## THE RECORDS
"""
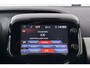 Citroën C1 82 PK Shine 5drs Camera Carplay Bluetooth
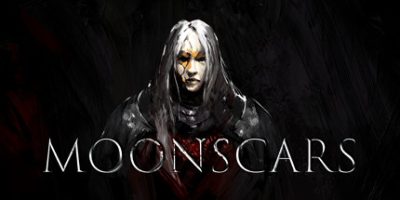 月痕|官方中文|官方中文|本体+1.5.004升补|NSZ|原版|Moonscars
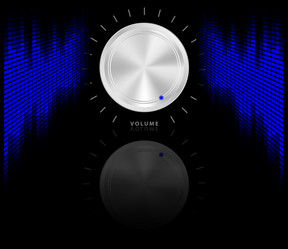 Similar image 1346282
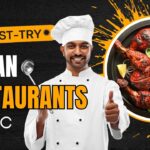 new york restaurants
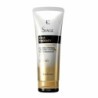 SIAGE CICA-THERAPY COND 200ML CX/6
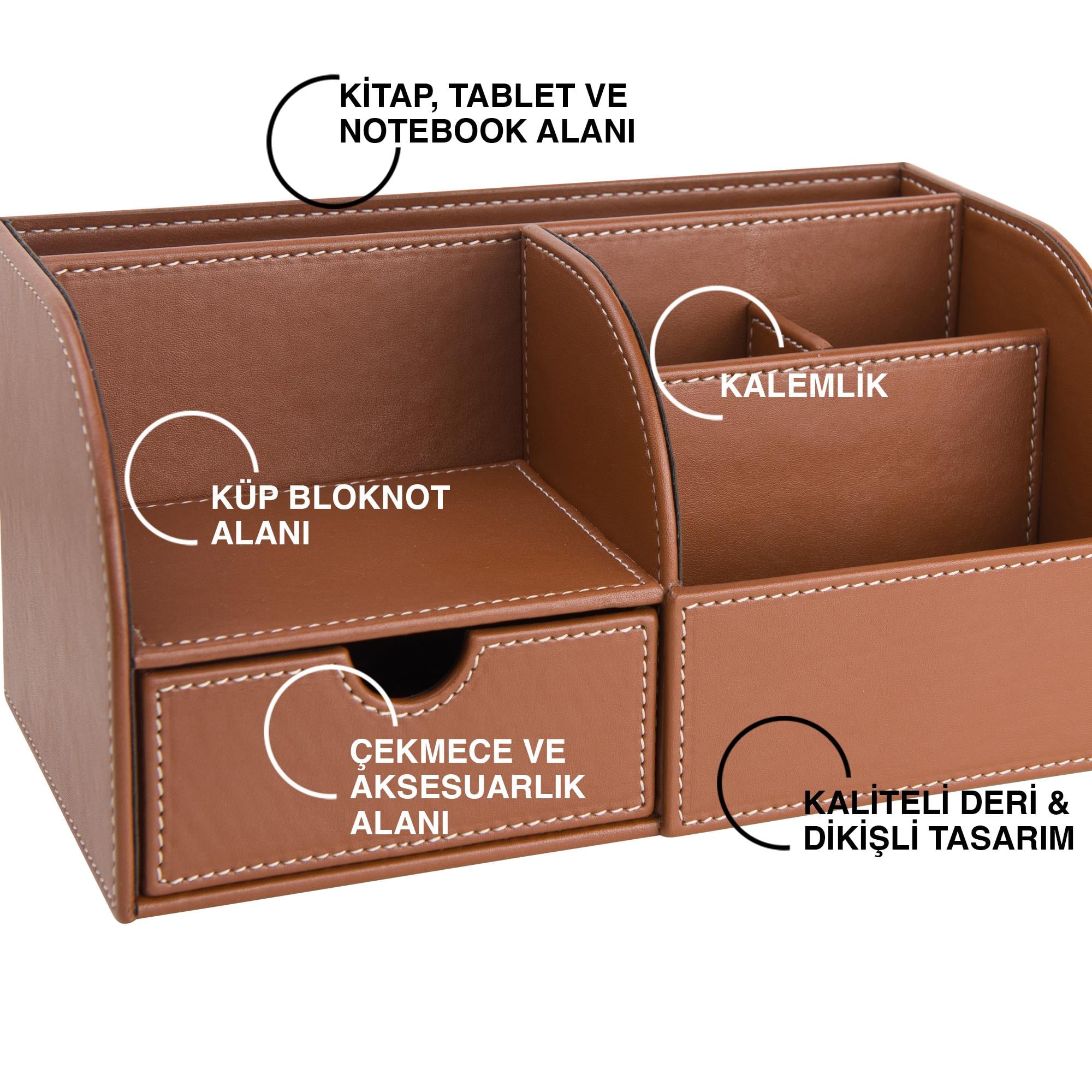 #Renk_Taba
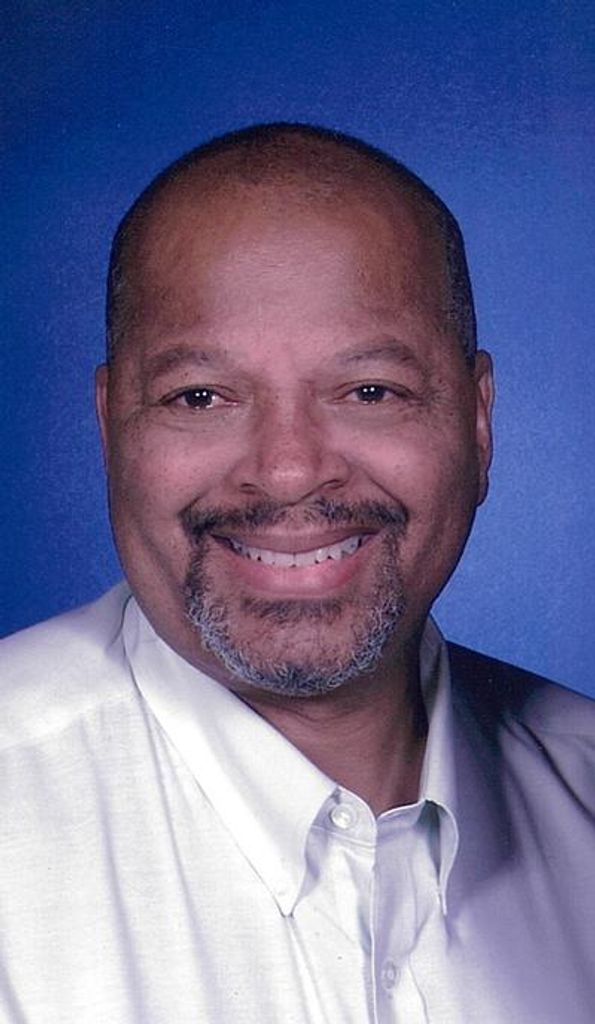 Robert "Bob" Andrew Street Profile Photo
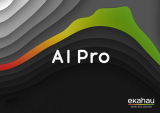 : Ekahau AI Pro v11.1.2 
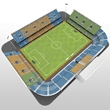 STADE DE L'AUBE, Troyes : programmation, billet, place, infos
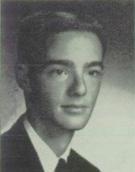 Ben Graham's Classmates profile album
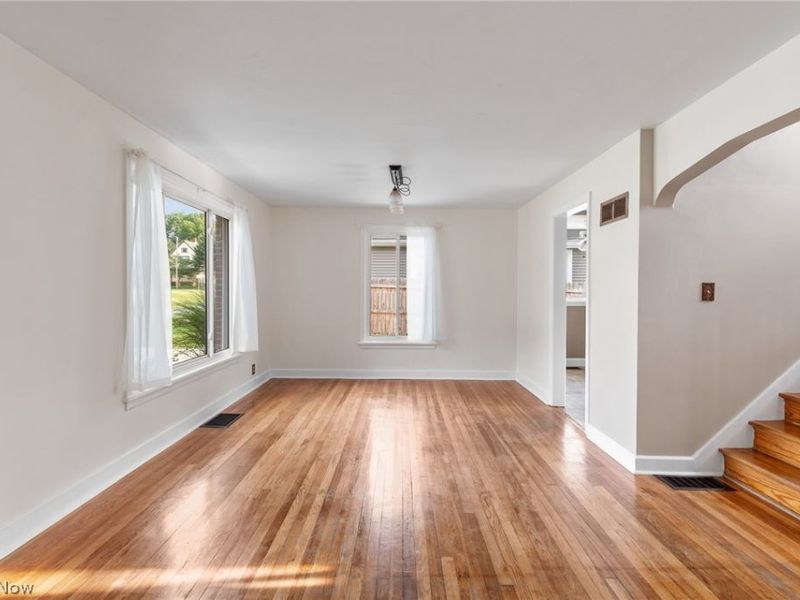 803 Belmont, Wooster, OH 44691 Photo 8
"""
## EXERCISE GOAL
Beginning at the line with "Similar image 1346282", reproduce word for word each line through the last line of the records. Include both ends but no pictures.

## EXERCISE RESULT
 Similar image 1346282
 new york restaurants
 SIAGE CICA-THERAPY COND 200ML CX/6
 #Renk_Taba
 Robert "Bob" Andrew Street Profile Photo
 : Ekahau AI Pro v11.1.2 
 STADE DE L'AUBE, Troyes : programmation, billet, place, infos
 Ben Graham's Classmates profile album
 803 Belmont, Wooster, OH 44691 Photo 8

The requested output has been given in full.